Given data:
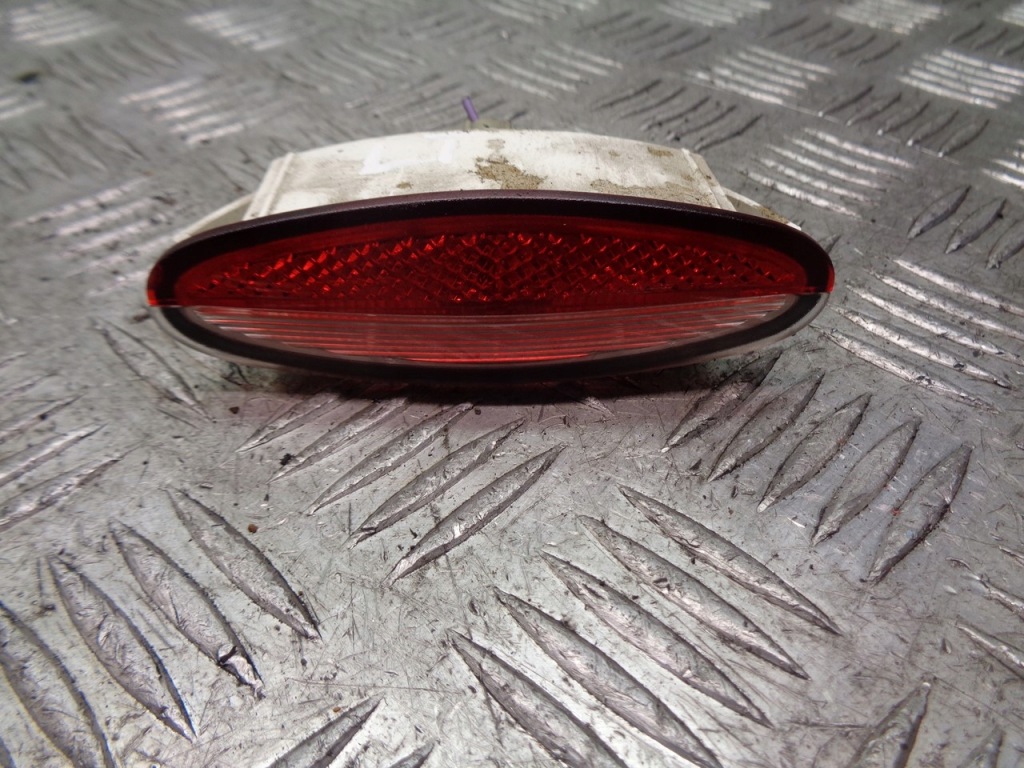 фото №1, Освещение дверь lt renault vel satis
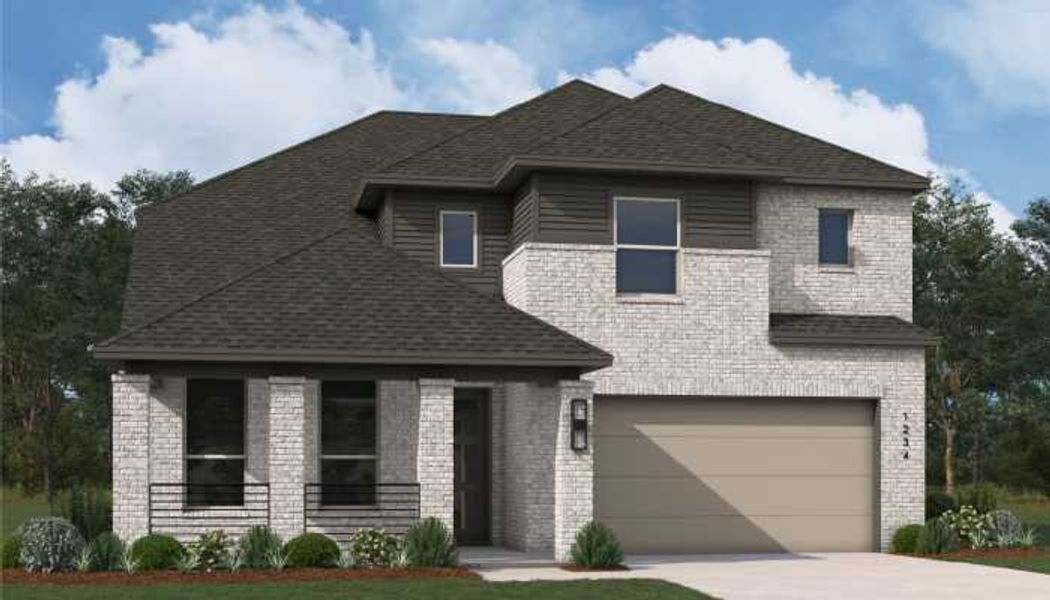 Elevation BP Elevation BP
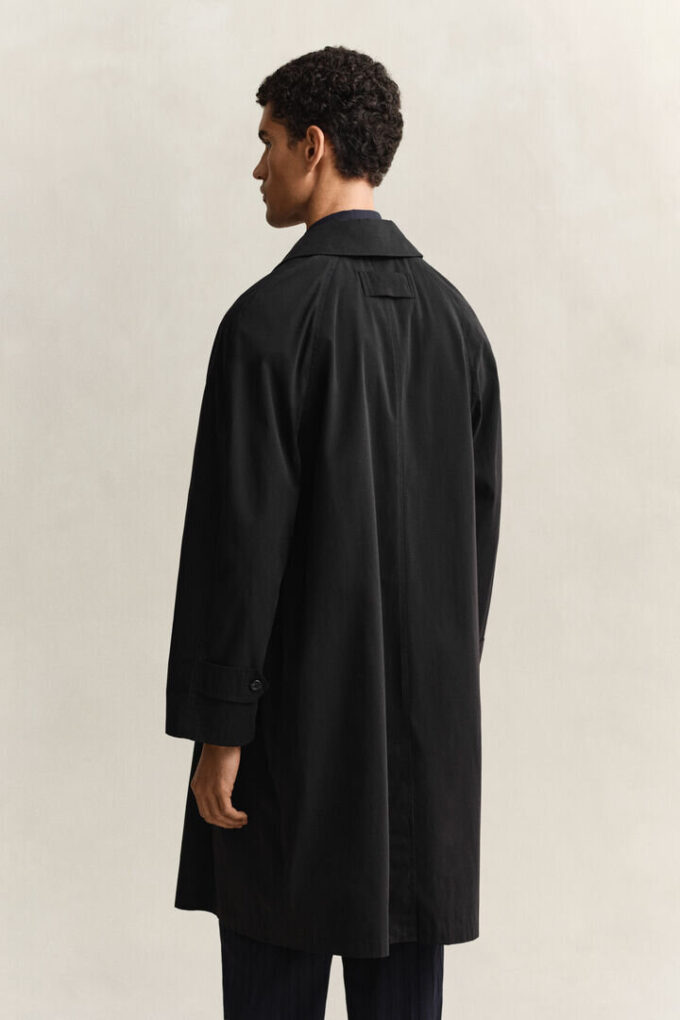 Cotton Coat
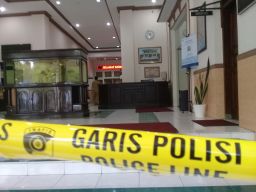 Diduga Staf DPRD Kota Probolinggo Jadi Korban Pemukulan Oknum  LSM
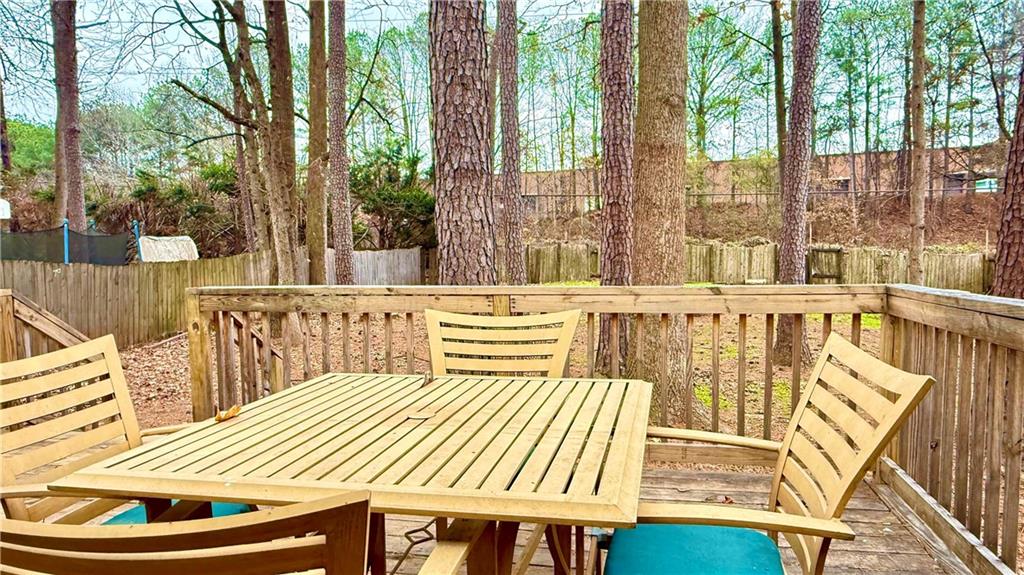 4712 Valley Ridge Drive Duluth, GA 30096 - Photo 19 of 24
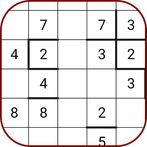 Filling - Puzzle Game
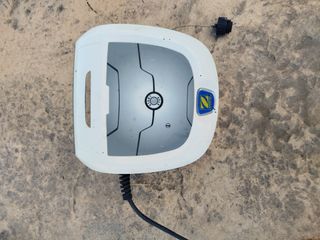 Zodiac RV 4200 Vortex - Limpiafondos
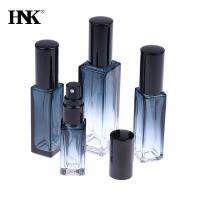 5ml 9ml 20ml Perfume Spray Bottle Empty Glass Atomizer Travel Cosmetic Bottl Sample Vials Refillable Drop Shipping Travel Size Bottles Containers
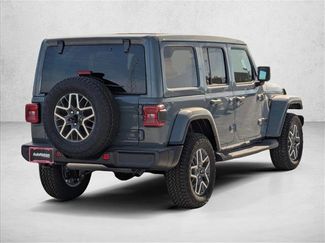 New 2026 Jeep Wrangler Sahara video 2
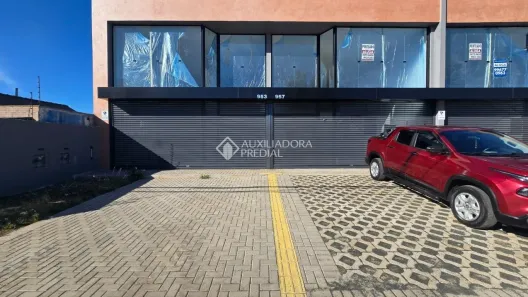 Ponto Comercial para alugar, 117m² no Niterói, Canoas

Problem requirements:
Set the records down again exactly, and omit any picture in them.

Finished exercise:
 фото №1, Освещение дверь lt renault vel satis
 Elevation BP Elevation BP
 Cotton Coat
 Diduga Staf DPRD Kota Probolinggo Jadi Korban Pemukulan Oknum  LSM
 4712 Valley Ridge Drive Duluth, GA 30096 - Photo 19 of 24
 Filling - Puzzle Game
 Zodiac RV 4200 Vortex - Limpiafondos
 5ml 9ml 20ml Perfume Spray Bottle Empty Glass Atomizer Travel Cosmetic Bottl Sample Vials Refillable Drop Shipping Travel Size Bottles Containers
 New 2026 Jeep Wrangler Sahara video 2
 Ponto Comercial para alugar, 117m² no Niterói, Canoas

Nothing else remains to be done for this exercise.